**TASK INSTRUCTIONS:** Within the records that follow, restate exactly the lines from the line with "la ciencia en" down to the line with "N601DR, 1996 Raytheon", including both. Omit the pictures.

**AVAILABLE DATA:**
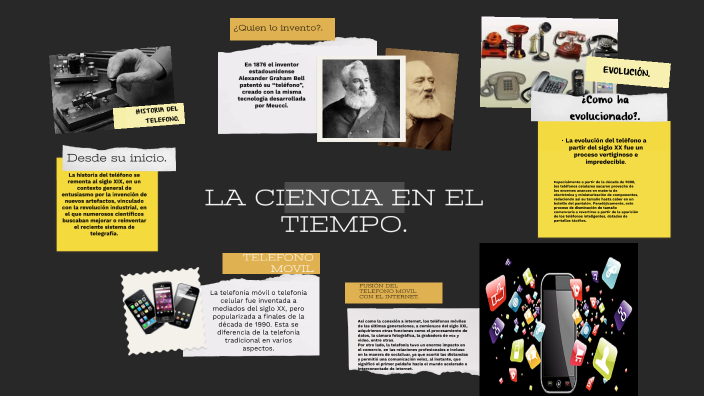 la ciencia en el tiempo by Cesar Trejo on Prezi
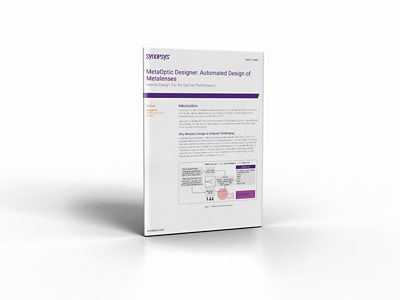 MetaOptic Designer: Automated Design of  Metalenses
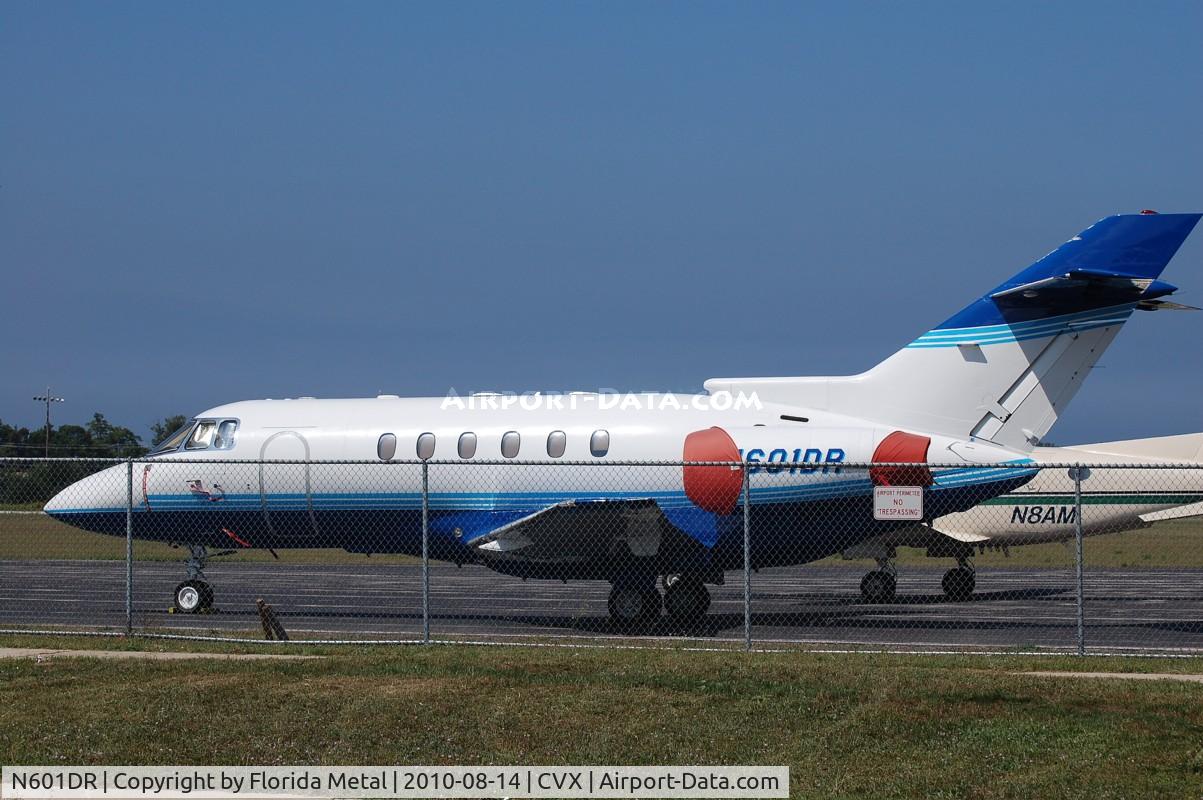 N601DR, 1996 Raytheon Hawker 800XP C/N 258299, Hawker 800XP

--

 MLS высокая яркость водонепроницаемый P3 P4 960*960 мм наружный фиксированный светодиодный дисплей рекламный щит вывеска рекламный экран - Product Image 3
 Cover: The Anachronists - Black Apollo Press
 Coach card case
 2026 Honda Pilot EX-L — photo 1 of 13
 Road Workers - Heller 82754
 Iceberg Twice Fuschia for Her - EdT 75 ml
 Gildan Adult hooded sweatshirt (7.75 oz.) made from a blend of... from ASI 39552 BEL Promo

...

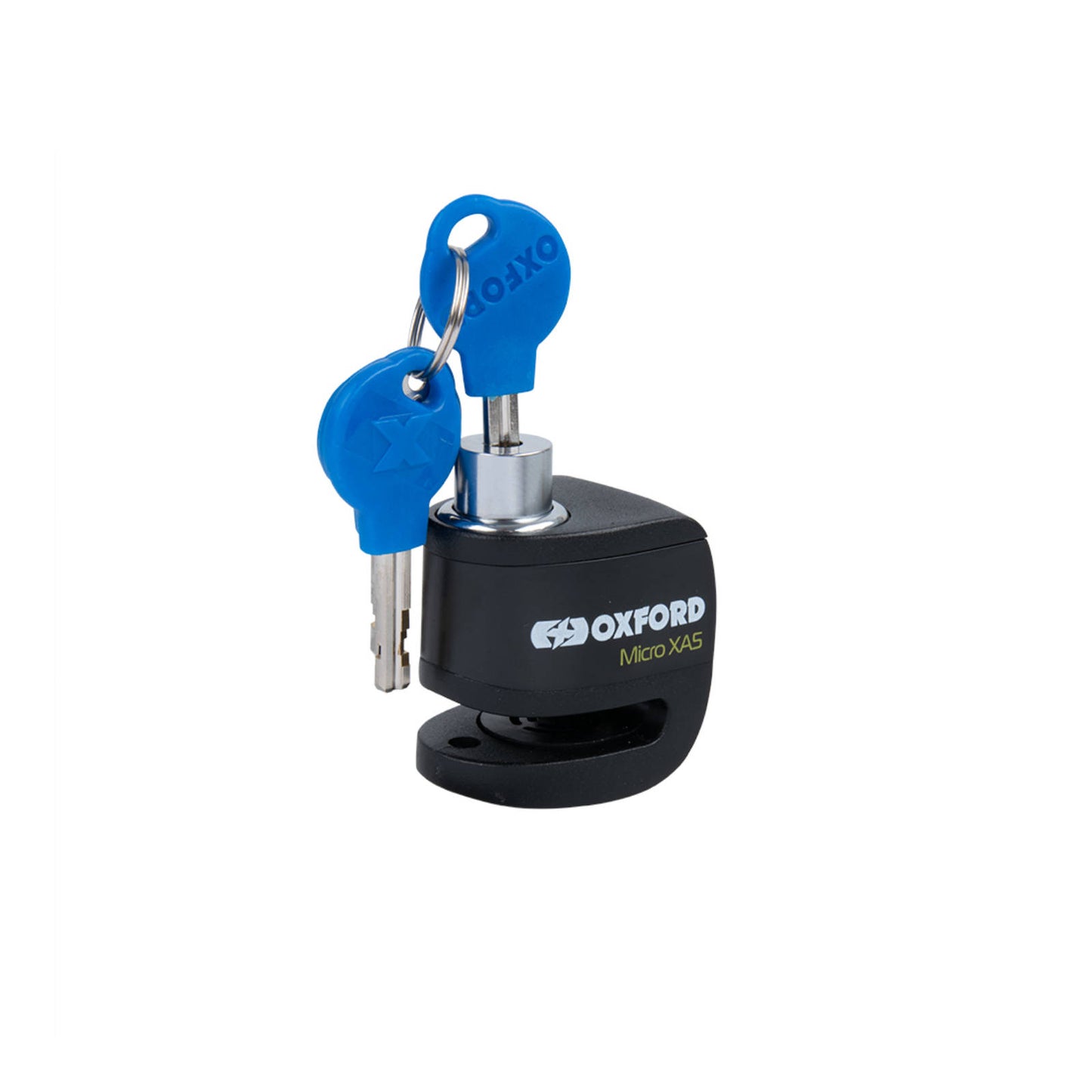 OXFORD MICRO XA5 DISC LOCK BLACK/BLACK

**WRITTEN RESPONSE:**
 la ciencia en el tiempo by Cesar Trejo on Prezi
 MetaOptic Designer: Automated Design of  Metalenses
 N601DR, 1996 Raytheon Hawker 800XP C/N 258299, Hawker 800XP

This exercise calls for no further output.